[Exercise description]:
Reproduction of part of the material below, pictures omitted: copy exactly, and only, the lines starting with the one with "A hand is holding" and going on through the one with "من يناير كان".
--- START ---
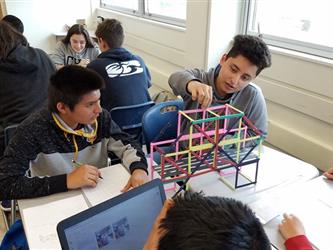 Students working in class on a project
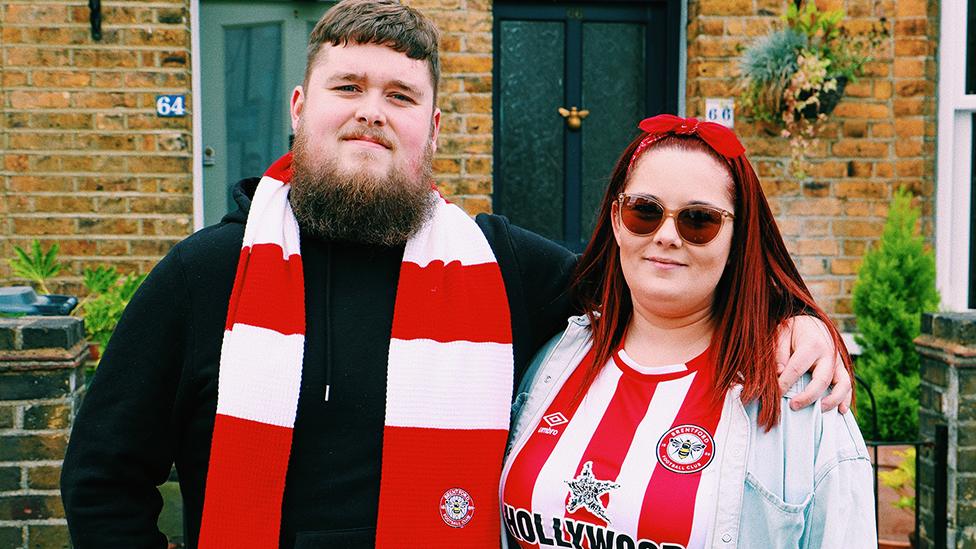 Two Brentford fans in kit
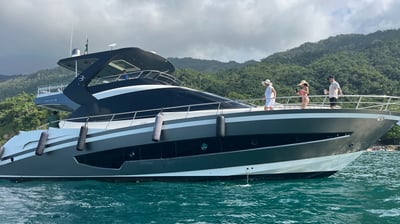 a boat 70 ft with people on it in the water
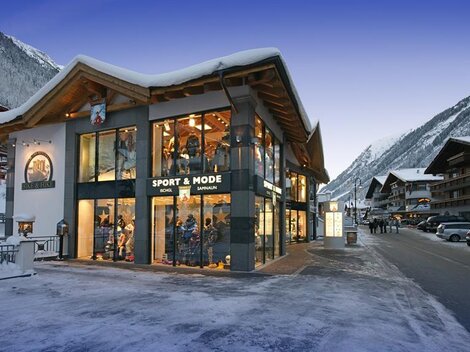 A modern shop in the Alps, surrounded by snow-capped mountains. The facade is extensively glazed and inviting.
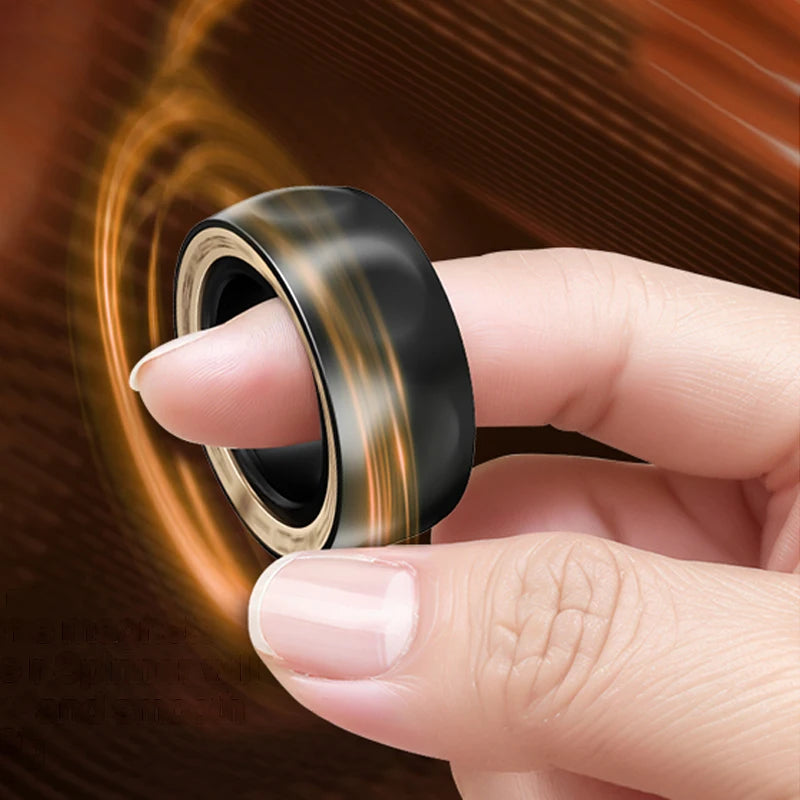 A hand is holding a black and gold magnetic fidget ring, showing its texture and design.
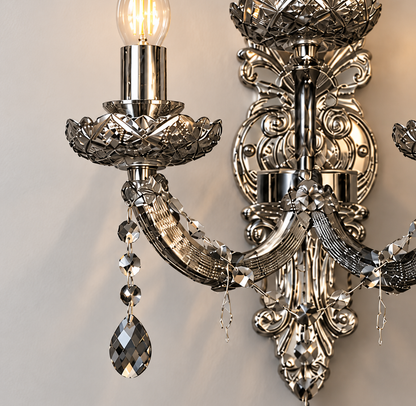 Curved arm, patterned cup and hanging accents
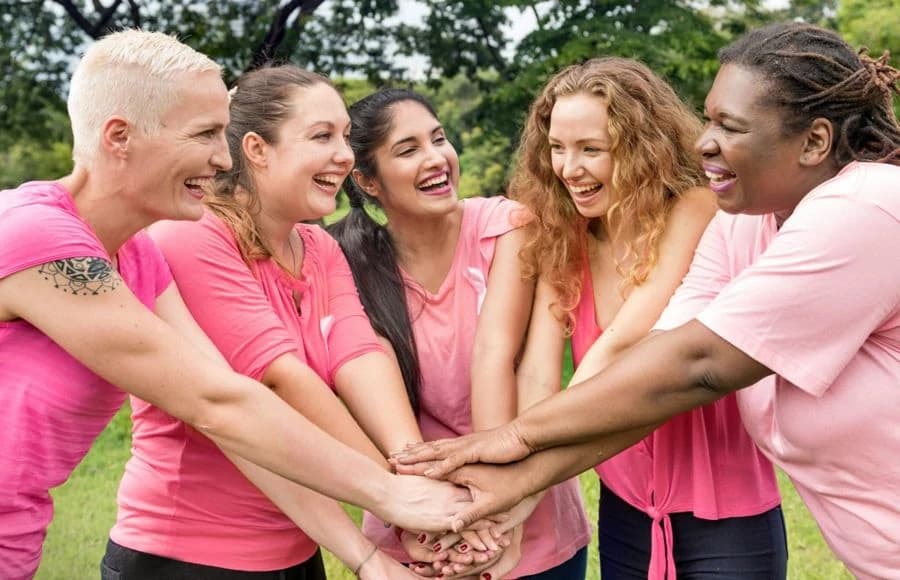 Women in pink shirts joining hands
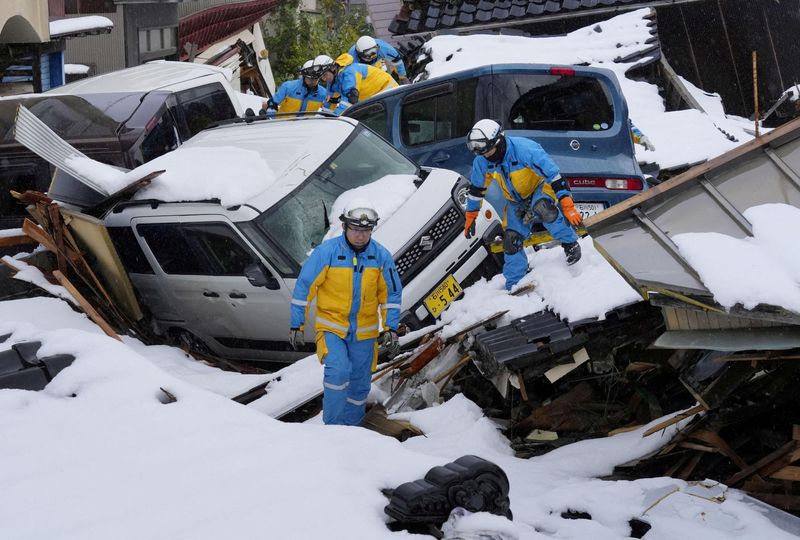&copy; Reuters. أفراد شرطة يبحثون عن ناجين في منطقة سكنية مغطاة بالثلوج دمرها تسونامي في أعقاب زلزال في محافظة إيشيكاوا باليابان بتاريخ التاسع من يناير كان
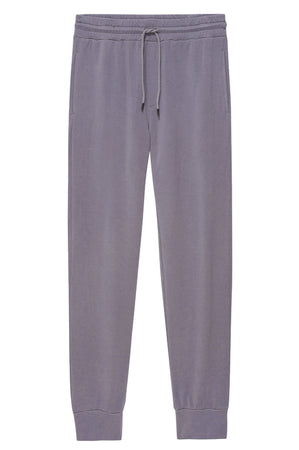 The Velvet by Graham & Spencer CROSBY JOGGER is a pair of light gray joggers featuring an elastic waistband, drawstring, side pockets, and cuffed ankles, displayed flat on a white background.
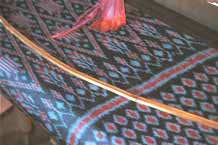 to Jpeg 50 K 9809P10 Three colour ikat on the loom at a weaving mill at Innbawkon (Inpawkhon) on Lake Inle, Shan State. Note the 'bow' across the width of the weft to keep the width and tension constant.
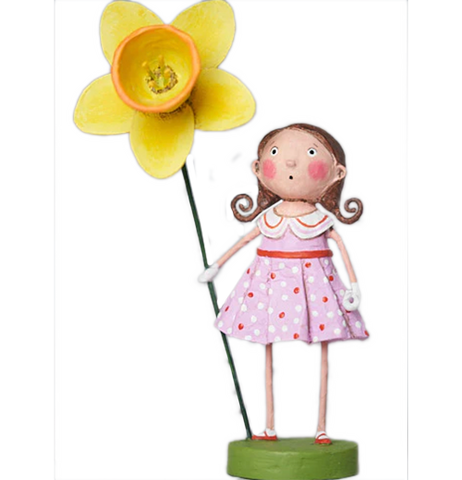 A figurine of a brown haired, rosy cheeked girl in two ponytails. She wears a red, white, and pastel pink dress, and is holding a comically large yellow flower.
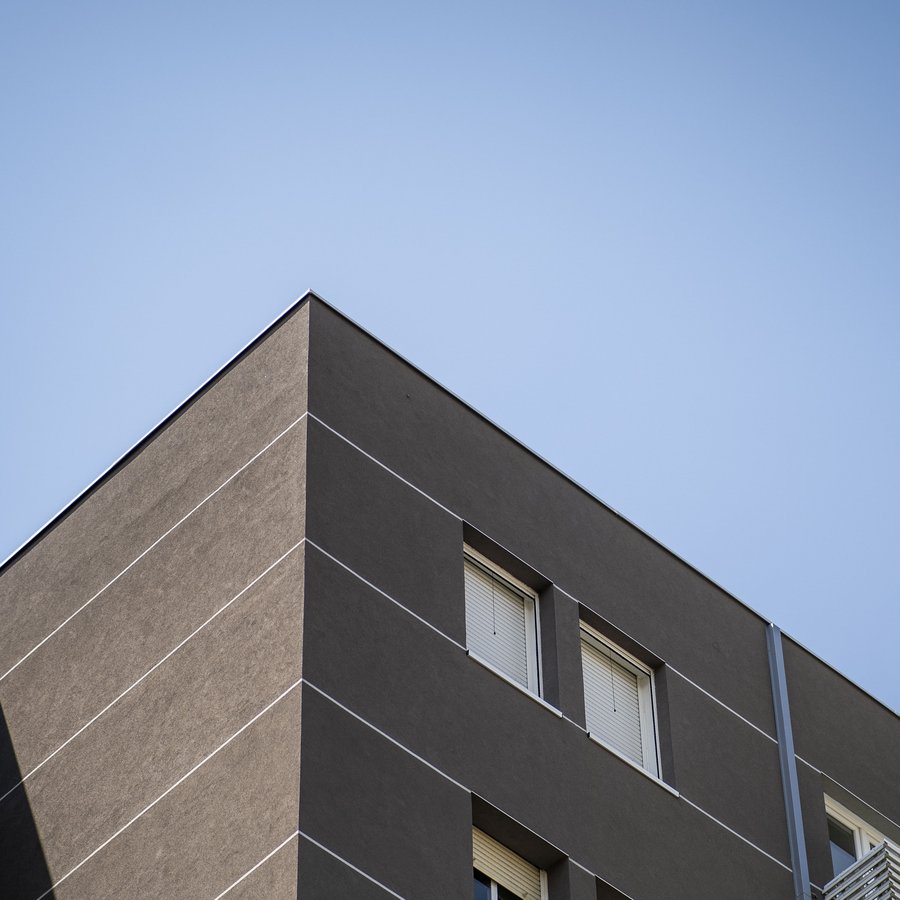 Esquina oscura del edificio recortada contra el cielo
--- END ---
[Solution for this exercise]:
 A hand is holding a black and gold magnetic fidget ring, showing its texture and design.
 Curved arm, patterned cup and hanging accents
 Women in pink shirts joining hands
&copy; Reuters. أفراد شرطة يبحثون عن ناجين في منطقة سكنية مغطاة بالثلوج دمرها تسونامي في أعقاب زلزال في محافظة إيشيكاوا باليابان بتاريخ التاسع من يناير كان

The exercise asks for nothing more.